The records
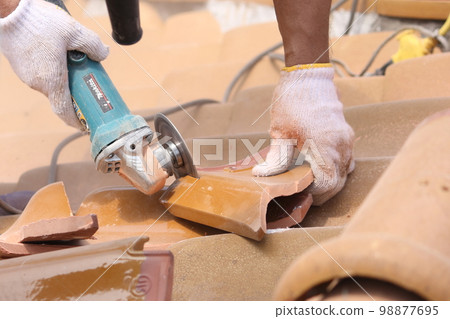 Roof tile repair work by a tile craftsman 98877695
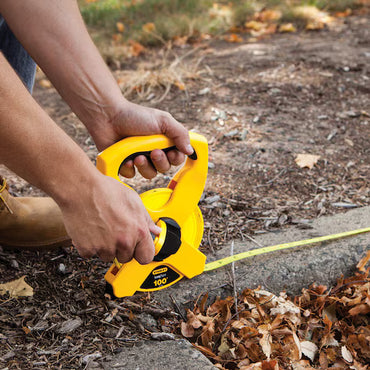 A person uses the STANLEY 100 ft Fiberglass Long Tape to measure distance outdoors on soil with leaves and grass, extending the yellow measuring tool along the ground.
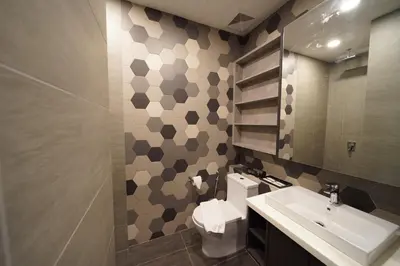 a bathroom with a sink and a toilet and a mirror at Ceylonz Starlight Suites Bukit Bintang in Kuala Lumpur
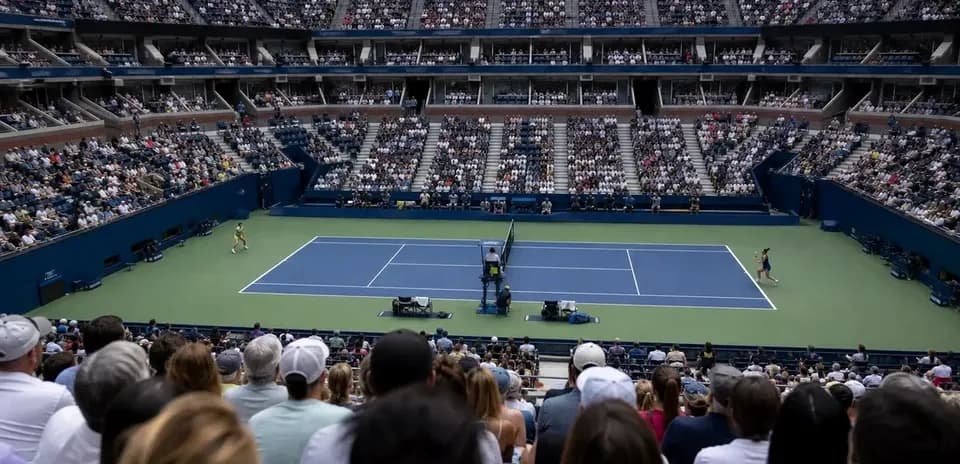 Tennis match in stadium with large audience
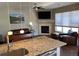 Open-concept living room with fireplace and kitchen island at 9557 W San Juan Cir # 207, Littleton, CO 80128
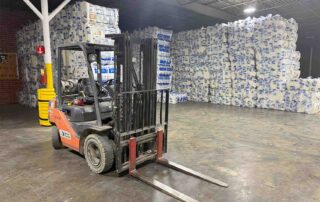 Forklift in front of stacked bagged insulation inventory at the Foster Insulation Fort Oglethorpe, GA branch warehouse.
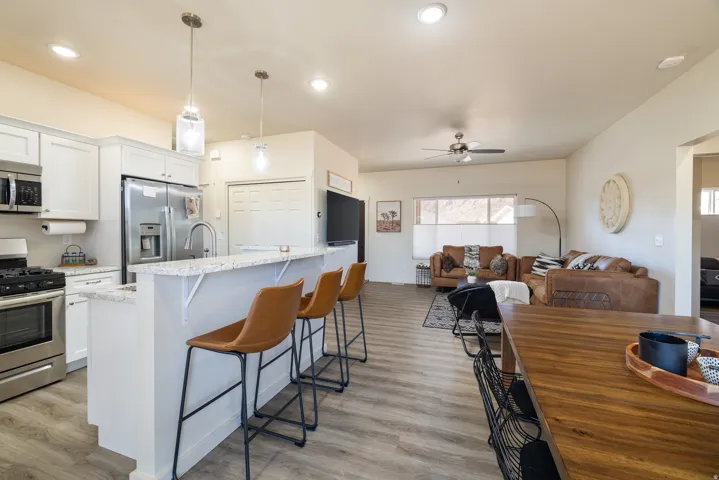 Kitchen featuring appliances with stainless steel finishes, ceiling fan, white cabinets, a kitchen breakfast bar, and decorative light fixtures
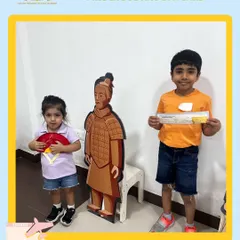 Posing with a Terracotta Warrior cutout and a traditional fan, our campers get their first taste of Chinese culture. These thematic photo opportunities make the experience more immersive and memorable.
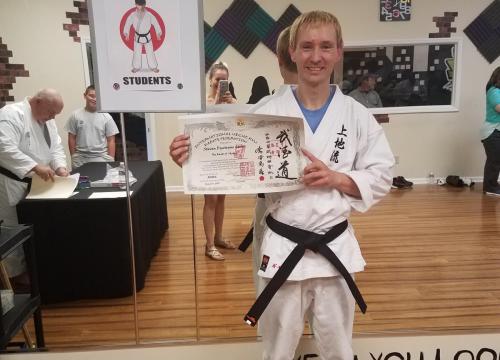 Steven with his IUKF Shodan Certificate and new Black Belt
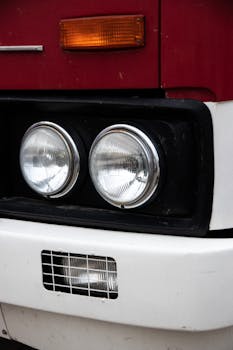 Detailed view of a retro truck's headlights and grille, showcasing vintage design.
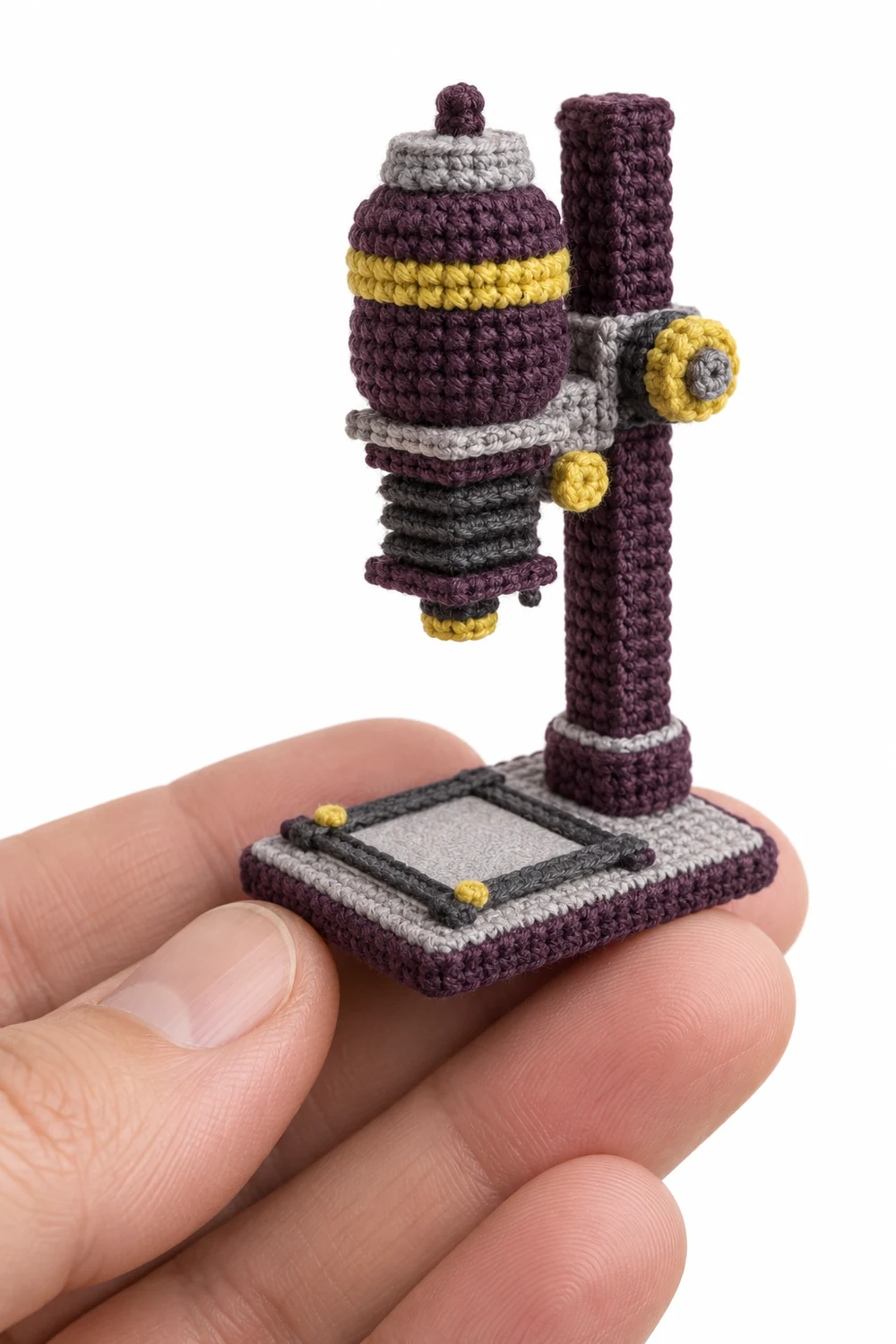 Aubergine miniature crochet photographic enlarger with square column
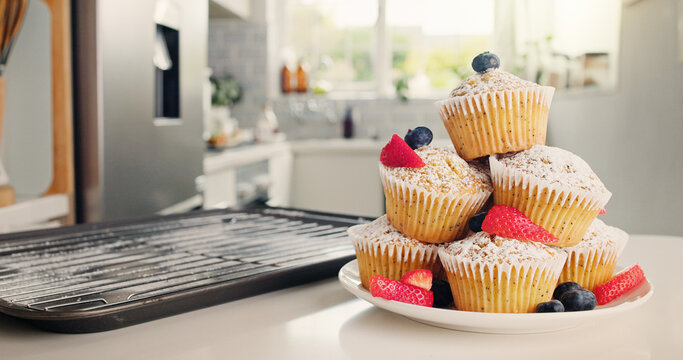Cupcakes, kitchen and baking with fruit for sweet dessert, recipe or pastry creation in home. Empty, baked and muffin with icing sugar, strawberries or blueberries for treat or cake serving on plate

What you need to do
Taking the records above, print only and exactly the lines from the line with "Open-concept living room" to the line with "Forklift in front", both kept, and exclude pictures.

Worked solution
 Open-concept living room with fireplace and kitchen island at 9557 W San Juan Cir # 207, Littleton, CO 80128
 Forklift in front of stacked bagged insulation inventory at the Foster Insulation Fort Oglethorpe, GA branch warehouse.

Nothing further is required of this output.